- _What to work on_
Make an exact copy of all the records that follow, apart from the pictures.

[Data for processing — start]

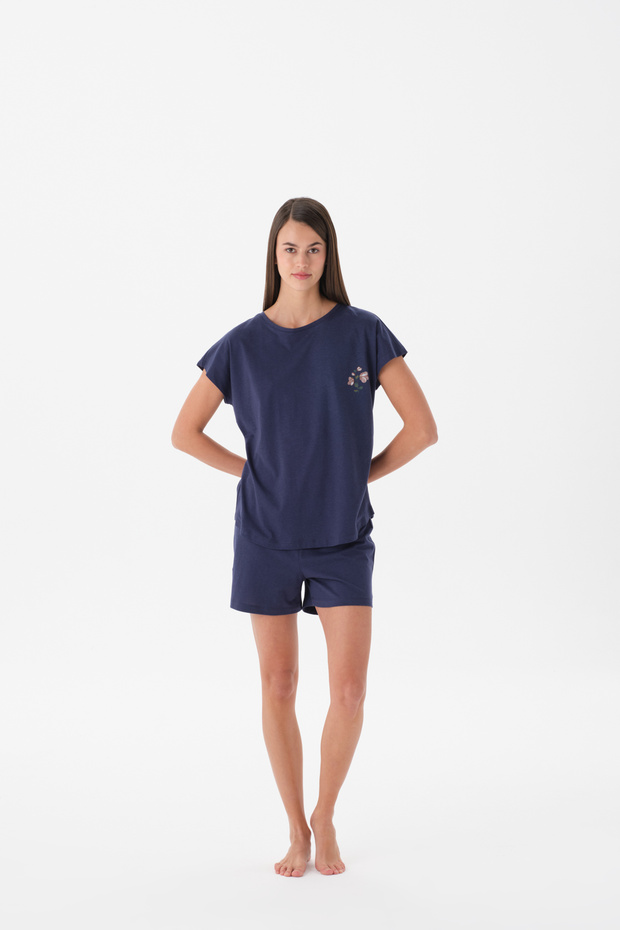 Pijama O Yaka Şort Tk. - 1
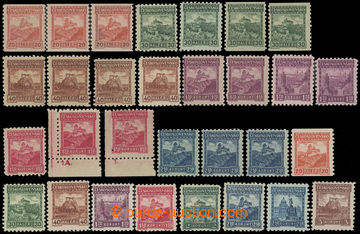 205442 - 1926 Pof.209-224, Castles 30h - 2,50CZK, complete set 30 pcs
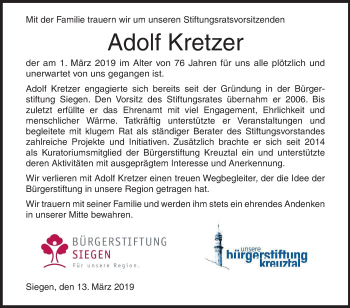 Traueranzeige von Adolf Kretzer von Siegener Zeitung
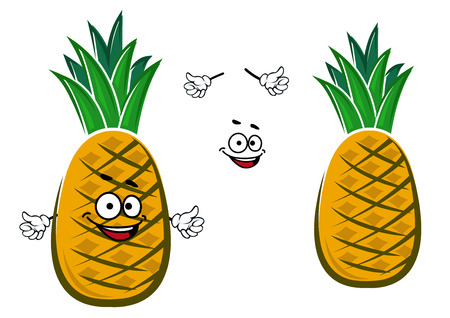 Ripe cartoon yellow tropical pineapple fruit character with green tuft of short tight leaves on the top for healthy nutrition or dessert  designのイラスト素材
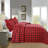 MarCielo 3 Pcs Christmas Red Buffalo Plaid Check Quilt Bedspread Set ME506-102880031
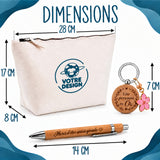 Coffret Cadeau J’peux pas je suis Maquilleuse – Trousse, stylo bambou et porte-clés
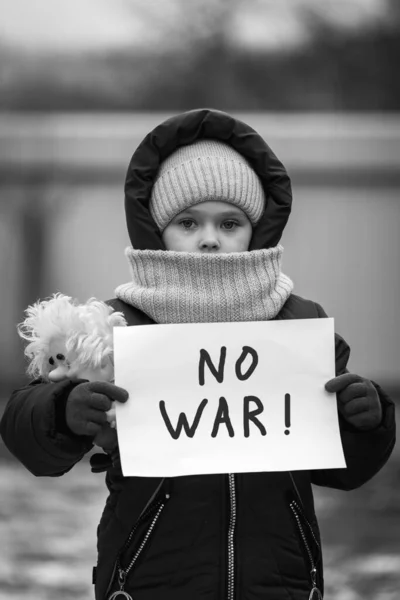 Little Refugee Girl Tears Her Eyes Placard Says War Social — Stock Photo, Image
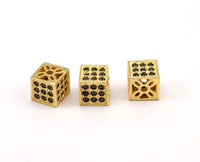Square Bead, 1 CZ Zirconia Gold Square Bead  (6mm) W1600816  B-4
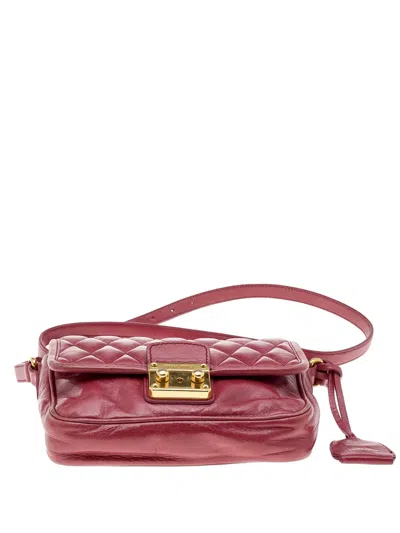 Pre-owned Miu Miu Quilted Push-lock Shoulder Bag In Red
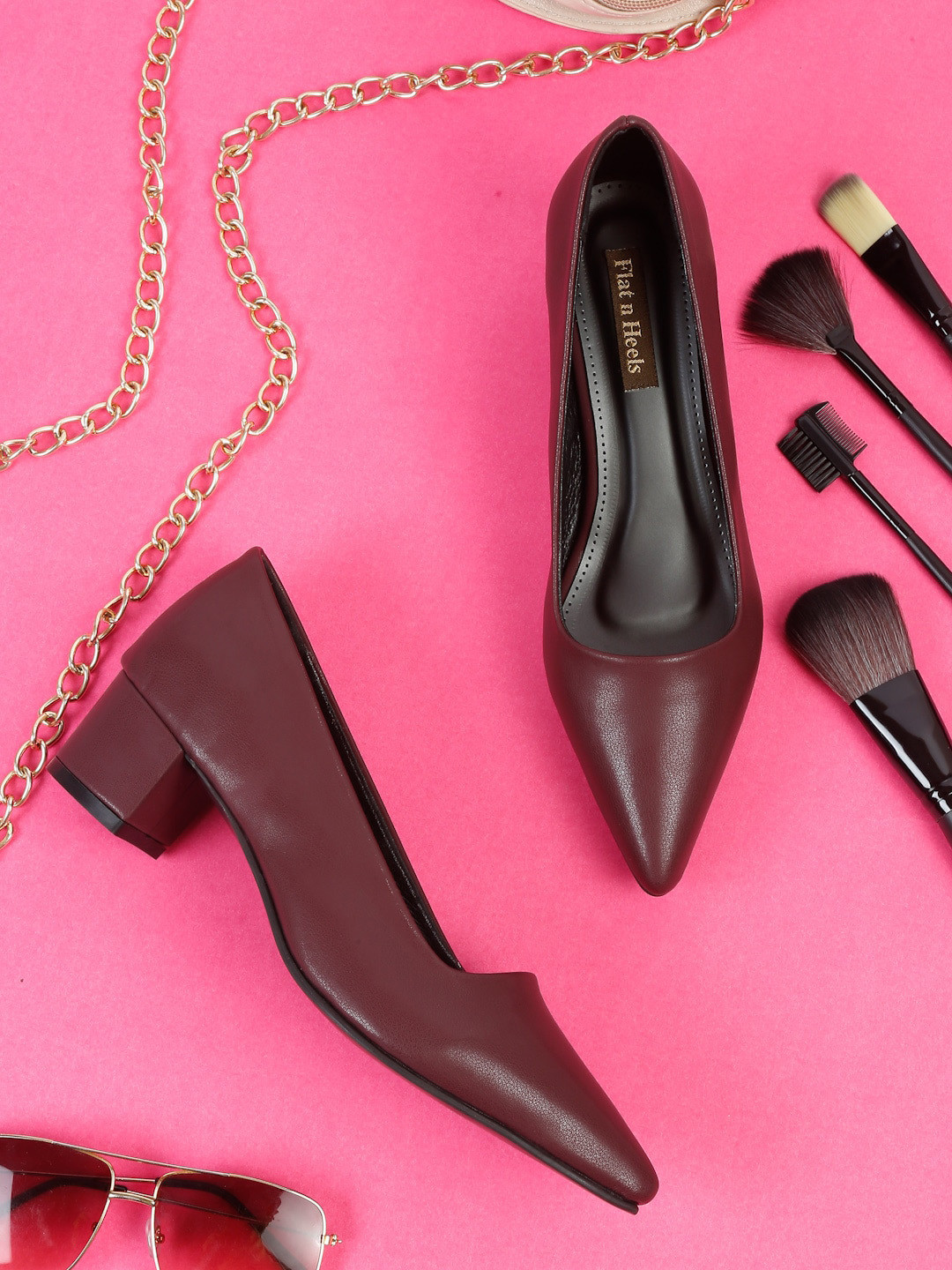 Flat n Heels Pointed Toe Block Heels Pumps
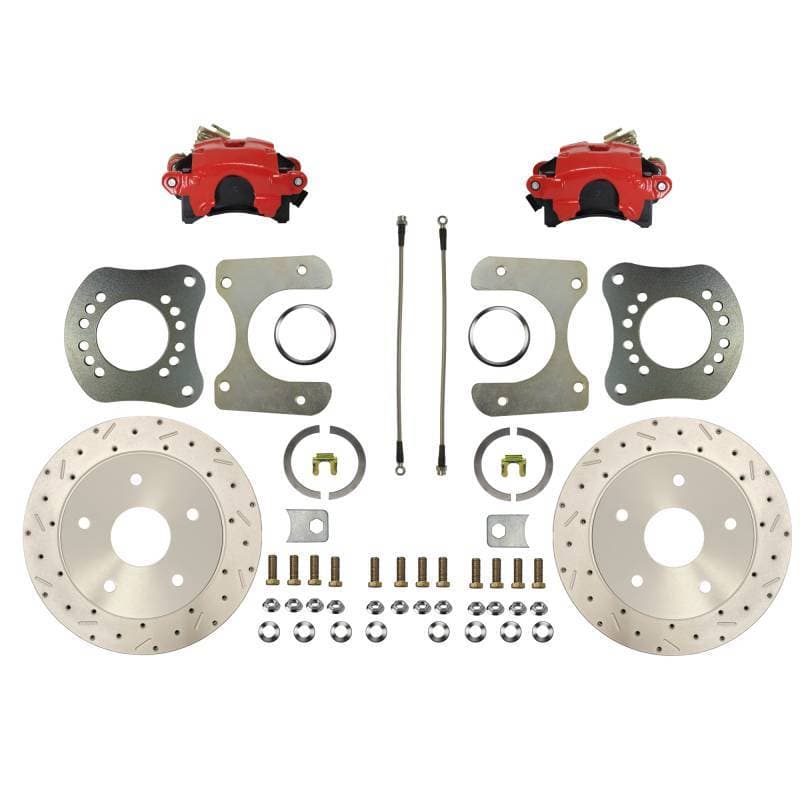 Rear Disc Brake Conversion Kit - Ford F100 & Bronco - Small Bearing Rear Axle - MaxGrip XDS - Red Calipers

[Data for processing — finish]

- _Exercise response_
 Pijama O Yaka Şort Tk. - 1
 205442 - 1926 Pof.209-224, Castles 30h - 2,50CZK, complete set 30 pcs
 Traueranzeige von Adolf Kretzer von Siegener Zeitung
 Ripe cartoon yellow tropical pineapple fruit character with green tuft of short tight leaves on the top for healthy nutrition or dessert  designのイラスト素材
 MarCielo 3 Pcs Christmas Red Buffalo Plaid Check Quilt Bedspread Set ME506-102880031
 Coffret Cadeau J’peux pas je suis Maquilleuse – Trousse, stylo bambou et porte-clés
 Little Refugee Girl Tears Her Eyes Placard Says War Social — Stock Photo, Image
Square Bead, 1 CZ Zirconia Gold Square Bead  (6mm) W1600816  B-4
 Pre-owned Miu Miu Quilted Push-lock Shoulder Bag In Red
 Flat n Heels Pointed Toe Block Heels Pumps
 Rear Disc Brake Conversion Kit - Ford F100 & Bronco - Small Bearing Rear Axle - MaxGrip XDS - Red Calipers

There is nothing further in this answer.